The spot butane complex in Northwest Europe sank to fresh multi-month lows against naphtha Thursday, as gasoline blending demand remained weak and petrochemical buyers appeared well covered, defying what market sources said was thin supply.
Across the butane CIF coaster, FOB coaster, inland barge and large cargo markets, prices relative to naphtha levels inched into the low 90s% to high 80s% range, the lowest levels since late summer and early autumn.
Those declines continue the steady weakening across much of the butane complex this winter on the back of weak gasoline blending demand, due to the closed arbitrage from Europe to the US for gasoline cargoes.
"It is mega soft but the arbitrages [for gasoline to the US] are closed for blending so it is really hard to get much for the butane," a source said.
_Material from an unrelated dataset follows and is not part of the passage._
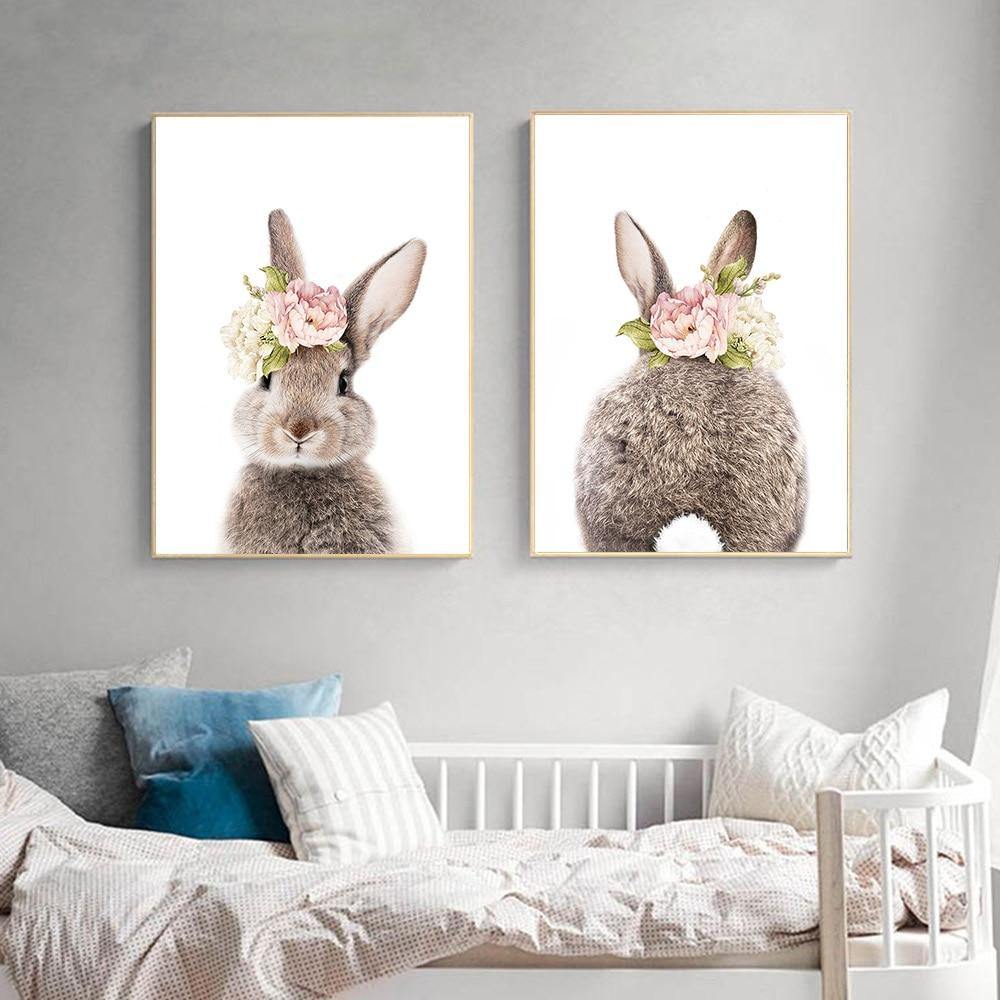 Tableau lapin de dos et couronne de fleurs - Le Petit Fermier
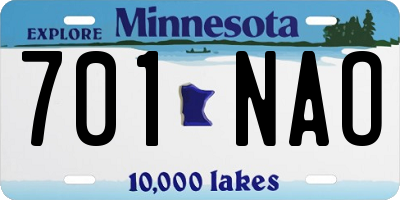 MN license plate 701NAO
That has left much of the complex searching for a floor provided by petrochemical buyers, who use butane as an alternative feedstock to naphtha when prices are competitive. Market sources say butane is at levels where the product is attractive, but many petchems buyers are already well covered for the month and will only revisit the market in the new year.
That weak demand has undermined what market sources say is thin supply in Northwest Europe, partly due to delays of liftings from the Grangemouth, Scotland, terminal, after operator Ineos found a crack on the Forties crude pipeline that feeds into the complex. Overall delays are expected to last into January, according to market sources.
On Thursday, butane CIF coasters were assessed Wednesday at 92.5% relative to naphtha, the lowest level since August 15. On the butane coaster market, prices fell to 87% against naphtha, the lowest since August 3. On FOB butane barges, levels fell to 89.4% relative to naphtha, the lowest since July 7.
Barges inched to their lowest level since September 1 at 93.2% relative to naphtha.